§ **WHAT YOU SHOULD DO**:
The records are to be reproduced verbatim.

*** Opening of SOURCE DATA ***

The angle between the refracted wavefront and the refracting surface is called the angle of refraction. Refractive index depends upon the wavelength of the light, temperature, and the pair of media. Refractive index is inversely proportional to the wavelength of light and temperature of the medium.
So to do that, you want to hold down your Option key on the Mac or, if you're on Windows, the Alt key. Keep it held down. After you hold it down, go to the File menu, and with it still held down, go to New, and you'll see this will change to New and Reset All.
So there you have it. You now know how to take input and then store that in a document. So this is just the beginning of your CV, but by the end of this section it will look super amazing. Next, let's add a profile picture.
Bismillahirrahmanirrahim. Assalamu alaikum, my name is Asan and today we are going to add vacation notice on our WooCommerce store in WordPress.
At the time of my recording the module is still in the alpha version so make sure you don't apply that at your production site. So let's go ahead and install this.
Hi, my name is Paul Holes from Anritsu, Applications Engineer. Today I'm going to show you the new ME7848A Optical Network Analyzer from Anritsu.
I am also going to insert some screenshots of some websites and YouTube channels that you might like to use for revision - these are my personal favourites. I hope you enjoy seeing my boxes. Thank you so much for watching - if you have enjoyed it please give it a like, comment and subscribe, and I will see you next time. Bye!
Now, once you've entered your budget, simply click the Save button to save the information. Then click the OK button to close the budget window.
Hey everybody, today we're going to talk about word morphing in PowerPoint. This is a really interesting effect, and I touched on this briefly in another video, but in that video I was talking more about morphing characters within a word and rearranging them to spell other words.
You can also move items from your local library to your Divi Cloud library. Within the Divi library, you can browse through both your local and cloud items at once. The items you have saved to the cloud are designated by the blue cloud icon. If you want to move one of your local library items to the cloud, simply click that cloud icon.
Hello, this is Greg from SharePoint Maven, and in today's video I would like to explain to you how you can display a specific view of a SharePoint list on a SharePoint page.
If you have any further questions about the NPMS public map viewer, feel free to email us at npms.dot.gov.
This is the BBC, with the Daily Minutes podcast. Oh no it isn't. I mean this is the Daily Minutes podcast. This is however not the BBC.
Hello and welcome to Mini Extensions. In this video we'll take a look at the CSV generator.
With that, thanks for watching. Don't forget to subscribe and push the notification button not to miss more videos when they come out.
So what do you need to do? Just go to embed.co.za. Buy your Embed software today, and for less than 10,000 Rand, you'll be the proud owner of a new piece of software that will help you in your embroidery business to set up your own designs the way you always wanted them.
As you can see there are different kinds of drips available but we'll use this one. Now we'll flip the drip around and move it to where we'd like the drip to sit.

*** Close of SOURCE DATA ***

§ **TASK RESULT**:
The angle between the refracted wavefront and the refracting surface is called the angle of refraction. Refractive index depends upon the wavelength of the light, temperature, and the pair of media. Refractive index is inversely proportional to the wavelength of light and temperature of the medium.
So to do that, you want to hold down your Option key on the Mac or, if you're on Windows, the Alt key. Keep it held down. After you hold it down, go to the File menu, and with it still held down, go to New, and you'll see this will change to New and Reset All.
So there you have it. You now know how to take input and then store that in a document. So this is just the beginning of your CV, but by the end of this section it will look super amazing. Next, let's add a profile picture.
Bismillahirrahmanirrahim. Assalamu alaikum, my name is Asan and today we are going to add vacation notice on our WooCommerce store in WordPress.
At the time of my recording the module is still in the alpha version so make sure you don't apply that at your production site. So let's go ahead and install this.
Hi, my name is Paul Holes from Anritsu, Applications Engineer. Today I'm going to show you the new ME7848A Optical Network Analyzer from Anritsu.
I am also going to insert some screenshots of some websites and YouTube channels that you might like to use for revision - these are my personal favourites. I hope you enjoy seeing my boxes. Thank you so much for watching - if you have enjoyed it please give it a like, comment and subscribe, and I will see you next time. Bye!
Now, once you've entered your budget, simply click the Save button to save the information. Then click the OK button to close the budget window.
Hey everybody, today we're going to talk about word morphing in PowerPoint. This is a really interesting effect, and I touched on this briefly in another video, but in that video I was talking more about morphing characters within a word and rearranging them to spell other words.
You can also move items from your local library to your Divi Cloud library. Within the Divi library, you can browse through both your local and cloud items at once. The items you have saved to the cloud are designated by the blue cloud icon. If you want to move one of your local library items to the cloud, simply click that cloud icon.
Hello, this is Greg from SharePoint Maven, and in today's video I would like to explain to you how you can display a specific view of a SharePoint list on a SharePoint page.
If you have any further questions about the NPMS public map viewer, feel free to email us at npms.dot.gov.
This is the BBC, with the Daily Minutes podcast. Oh no it isn't. I mean this is the Daily Minutes podcast. This is however not the BBC.
Hello and welcome to Mini Extensions. In this video we'll take a look at the CSV generator.
With that, thanks for watching. Don't forget to subscribe and push the notification button not to miss more videos when they come out.
So what do you need to do? Just go to embed.co.za. Buy your Embed software today, and for less than 10,000 Rand, you'll be the proud owner of a new piece of software that will help you in your embroidery business to set up your own designs the way you always wanted them.
As you can see there are different kinds of drips available but we'll use this one. Now we'll flip the drip around and move it to where we'd like the drip to sit.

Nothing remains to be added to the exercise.